Usually companies seek to gain concessions when the industry or company is thought to be hurting and needs the concessions to survive, as has been argued by the NBA, NHL and MLB in past negotiations. However, both Mott’s and the NFL (though not the NBA) are currently highly profitable companies seeking concessions.
Both the Mott’s strike and potential league labor disputes could have a significant impact on local economies. While reportedly 50 percent of the entire apple production of upstate New York orchards is purchased by the Mott’s plant, any league games not played affect local businesses to some extent (especially those dependent on game-day business).
Finally, though neither Mott’s nor the NFL or NHL ever threatened to close, relocate or outsource its plant (or teams), the NBA has mentioned contraction as a possible recourse in its current negotiation, as did MLB in 2002.

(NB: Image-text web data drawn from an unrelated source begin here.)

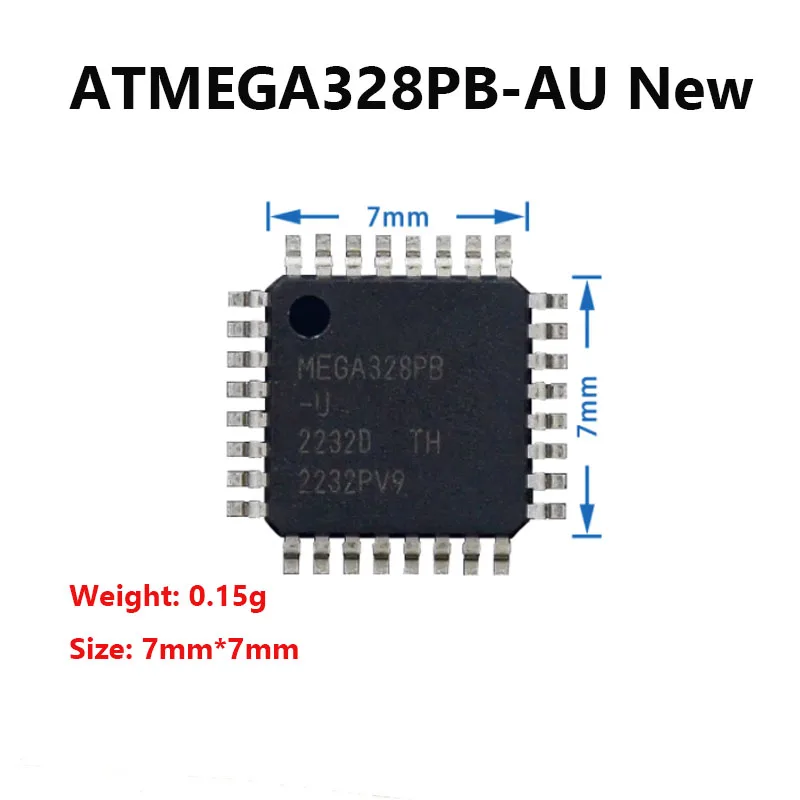 Микросхема внутренней памяти ATMEGA328P-PU DIP-28 Для Оригинального блока записи R3 ATMEGA328PB-AU 3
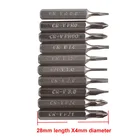 Набор бит для драйвера Cr-V хорошего качества, 10 шт., включая PH0,PH00,T4,T5,PZ0,PZ1,SL2,SL3,Point 1,0, 5-звездочные винтовые бит: 0,8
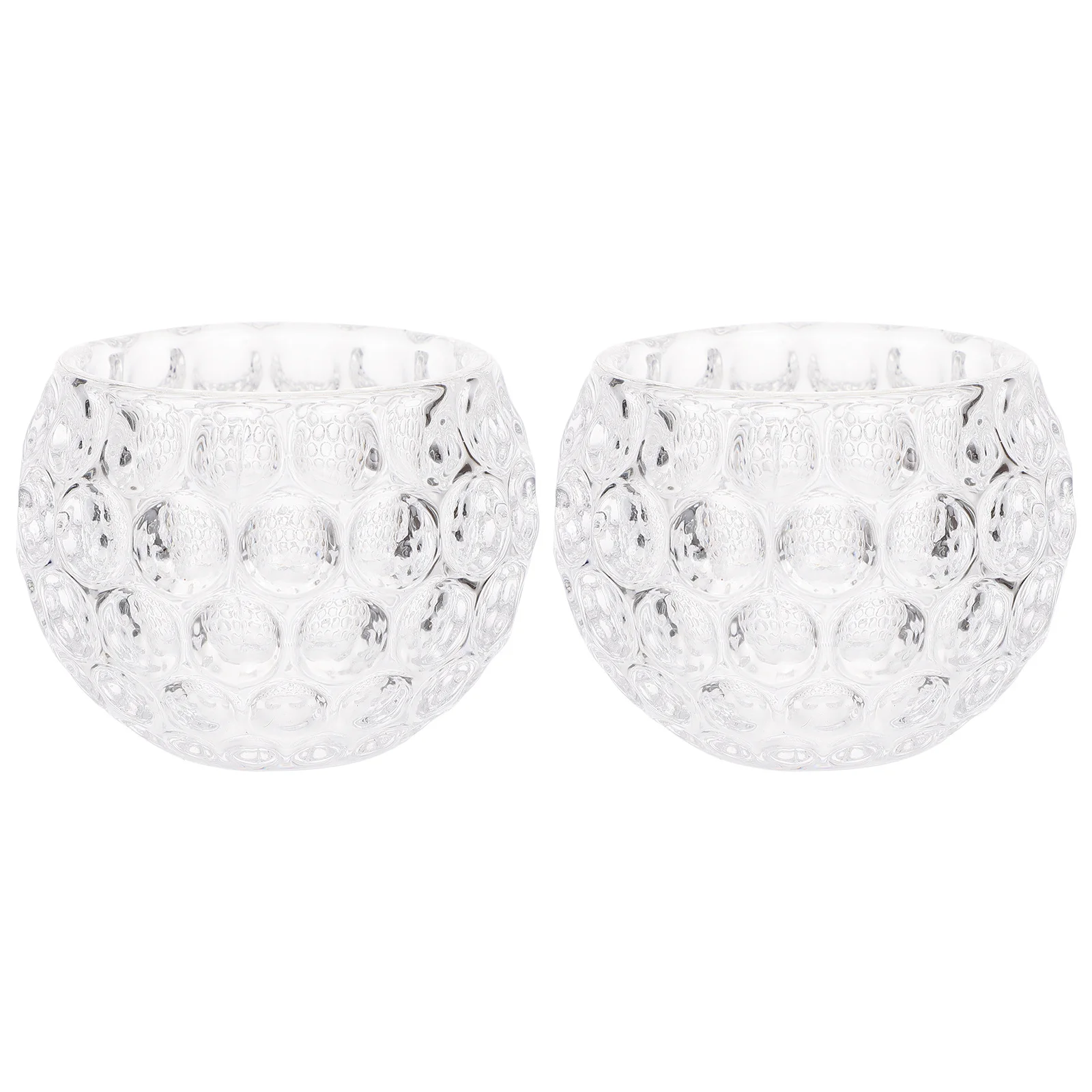 

2Pcs Crystal Glass Candlesticks Wedding Holders Decorative Cups Romantic Home Decoration Crystal Candlestick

There are also notable differences between the negotiations involving Mott’s and the typical sports league. The cumulative wages earned by all of the members of a sports union typically represent what is far and away the largest expense for the members of the league. Athletes in the NBA, NHL, NFL, and MLB receive between 50 percent and 60 percent of the revenue generated by the leagues. This dwarfs the percentage of revenue that unions in other industries receive.
The 305 unionized employees at the Mott’s plant earned a combined $9.8 million of the $5.5 billion in revenue for the parent company. In sports, the CBA is the basis for determining the parameters of a number of issues that are a fundamental to a league’s success. Having an agreement that makes fiscal sense for management is of utmost importance.

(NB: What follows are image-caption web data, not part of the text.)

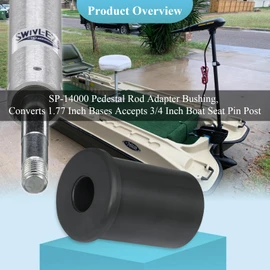 1 Pcs SP-14000 Boat Seat Rod Adapter Bushing, Converts 1.77 Inch Bases Accepts 3/4 Inch Boat Seat Pin Post, Fits for Attwood Swivl-Eze SP14000 Series 3/4 inch Pin Boat Seat Pedestal Kit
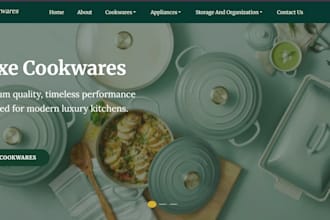 design and develop a responsive HTML CSS javascript website
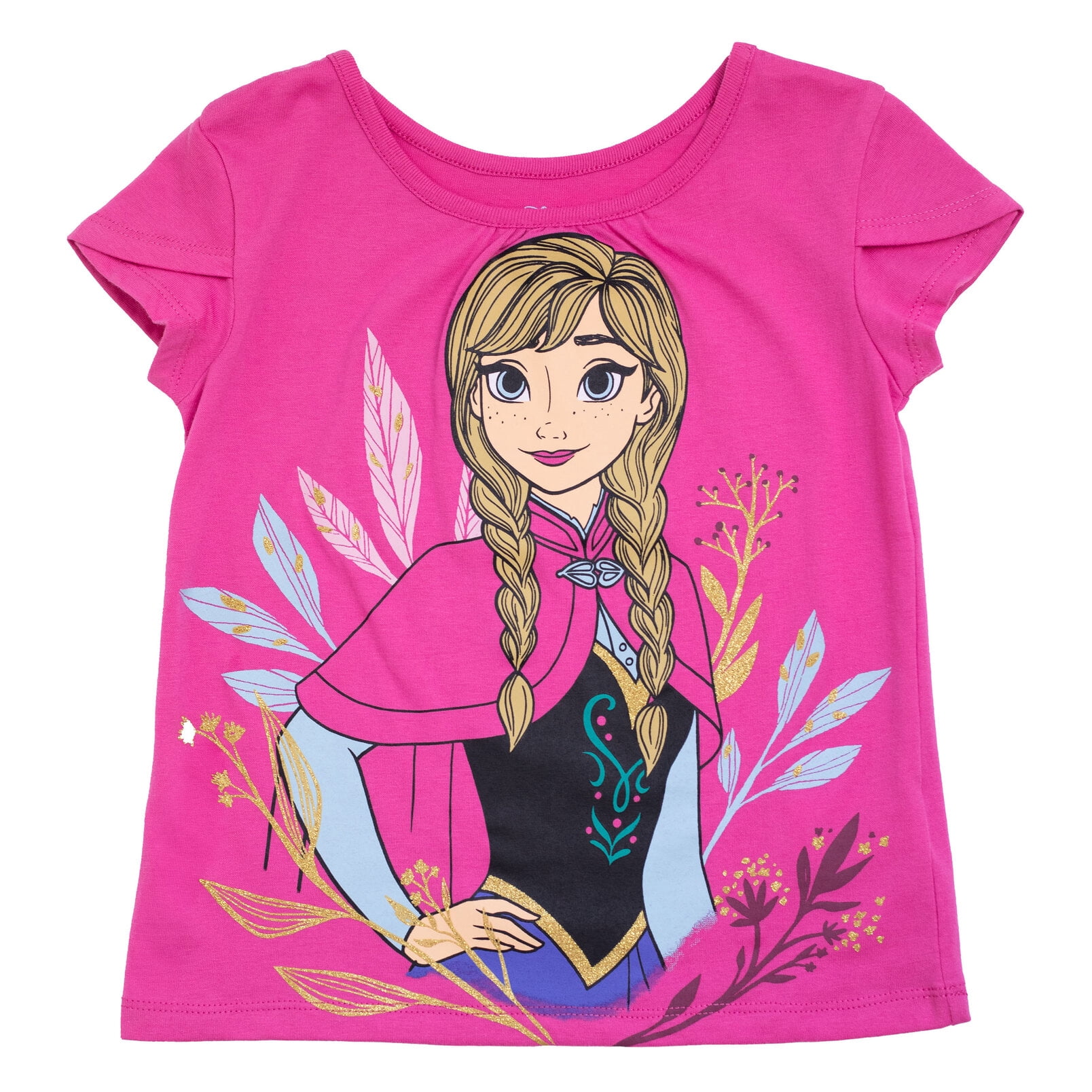 Disney Frozen Toddler Girls' T-Shirt and Tutu Skirt Set with Scrunchie Pink Anna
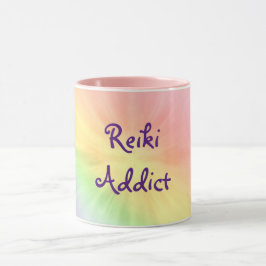 Söt regnbåge Reiki Addict design Mugg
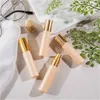 Mini 10ml Perfume Spray Bottle Aluminum Nozzle Shading Refillable Roll on Bead Bottles of Essential Oil Deodorant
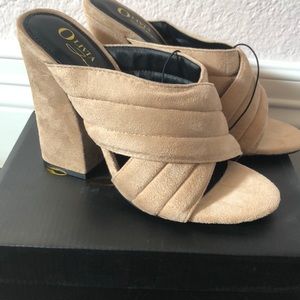 Forever 21 Heeled Mules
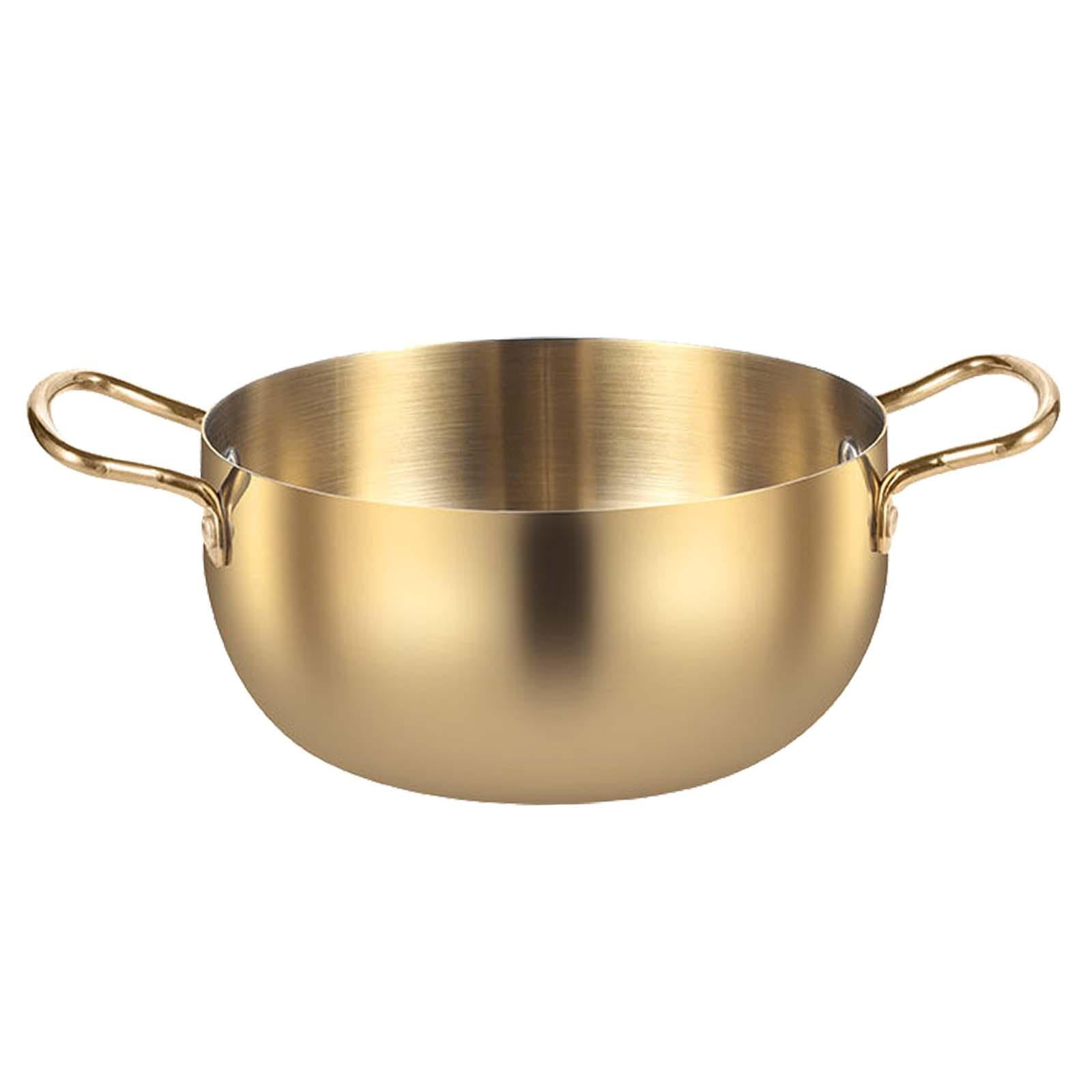 Fiocias Instant Noodle Pot, Korean Noodle Pot, Versatile Quick Heating with Handle Korea 18cm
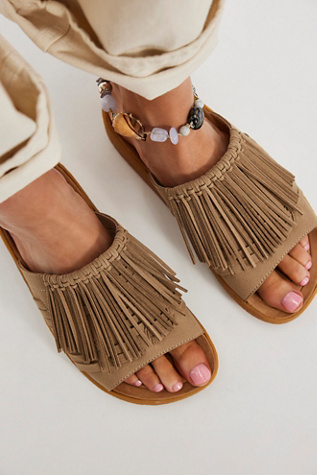 Vegan Thunderbird Sandals by Malibu Sandals at Free People in Brown, Size: US 8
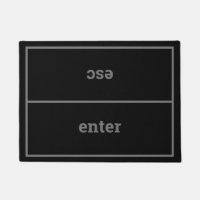 Enter Esc | Geeky Black Grey Computer Keys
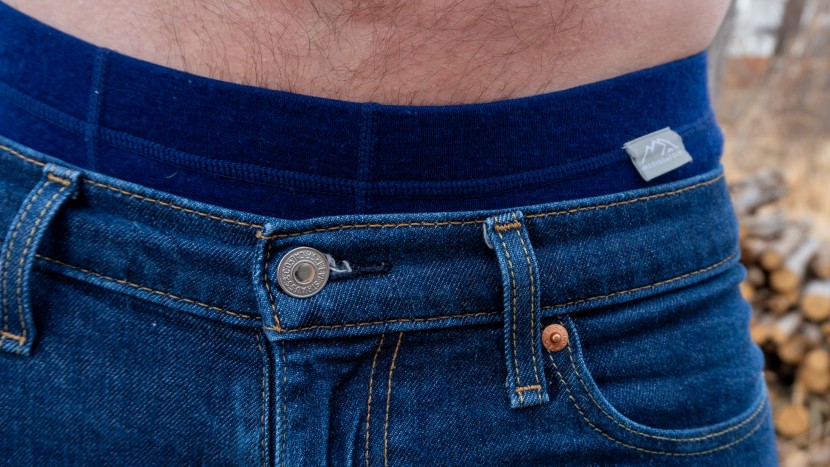 merino.tech bottoms - a simple and effective waistband rounds out these long underwear.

There are notable differences in the union constituencies and marketplace, as well. Pro athletes earn significantly higher salaries over a much shorter career span. The Mott’s employees cede their right to negotiate salary as individuals to the union, where individual athletes have the parameters of their salaries set by the union but have freedom to negotiate in between these boundaries. The Mott’s employees all had relatively the same priorities at stake, whereas sports unions have much wider disparities in their memberships, with some members more focused on salary inflators and others simply focused on the pension, retirement benefits and minimum salaries.
Unlike in many other industries, the superior talent of the unionized work force in leagues is easily recognizable to even the most casual fans. There is a very limited number of individuals with the skills to be pro athletes and they have more fan loyalty, which makes them essentially irreplaceable by replacement workers, as opposed to the Mott’s employees, who have no customer loyalty, little individual negotiating power and are fairly easily replaced, especially in a tough economy. This final trait provided Mott’s with the ability to hire replacement workers, who provided the company with leverage despite being a reported one-third as productive in the short term as the unionized workers. Leagues essentially shut down during work stoppages; other industries do not.
Finally, it has been posited that Mott’s was an employer looking to take advantage of macroeconomic conditions by reducing wages because they thought that they could do so. This does not seem to be the case in any of the ongoing league negotiations.